Dr Mercer spoke of the importance of communication during damage control resuscitation and surgery and it was normal to have formal communication among the team every 10 minutes to discuss the amount of blood products transfused, the state of coagulation and patient temperature as well as surgical progress. Surgery at this point was fairly basic and far from definitive with the primary aim of controlling bleeding and excising any dead tissue.
Following the termination of damage control surgery the patient would be transferred to critical care prior to evacuation within 24 hours by air to Queen Elizabeth Hospital Birmingham. With this, his talk concluded.

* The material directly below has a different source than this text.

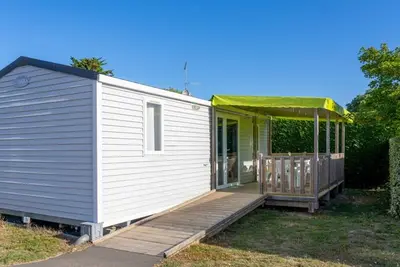 Image de Mobil-home Adapté Pmr avec Terrasse à Notre-Dame-de-Monts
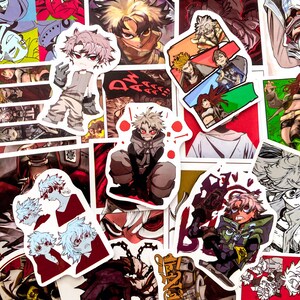 Puede incluir: Una colecci&oacute;n de pegatinas de estilo anime con varios personajes en poses din&aacute;micas. Las pegatinas muestran una gama de colores, incluyendo rojo, gris y verde, con ilustraciones detalladas y contornos audaces. Las pegatinas est&aacute;n sobre un fondo blanco.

There followed a number of questions. Professor Hunter asked if sometimes there were too many people at these resuscitations. Dr Mercer said that the role of the Medical Director was to ensure that only sufficient team members were deployed and indeed, one of his important jobs was crowd control. Dr Gray asked if the field hospital had ever been swamped by multiple casualties. To date this had not happened because of team allocations and triage prior to arrival. Other questions included the place of crystalloid in these resuscitations. Dr Mercer answered that they no longer had a place in the initial resuscitation as the principle cause of threat to life was blood loss and therefore blood products were primarily used. Once cardiovascular filling had been achieved there may then be a place for crystalloids. He commented that permissive hypotension was acceptable particularly in the field prior to arrival at the hospital base with the exception of the head injured patient as the use of vasopressors would impede flow. However, casualties would arrive at the field hospital within the first hour after injury where aggressive resuscitation during surgery would be performed.
Dr Alok Srivastava gave the vote of thanks and the meeting finished at 20:15.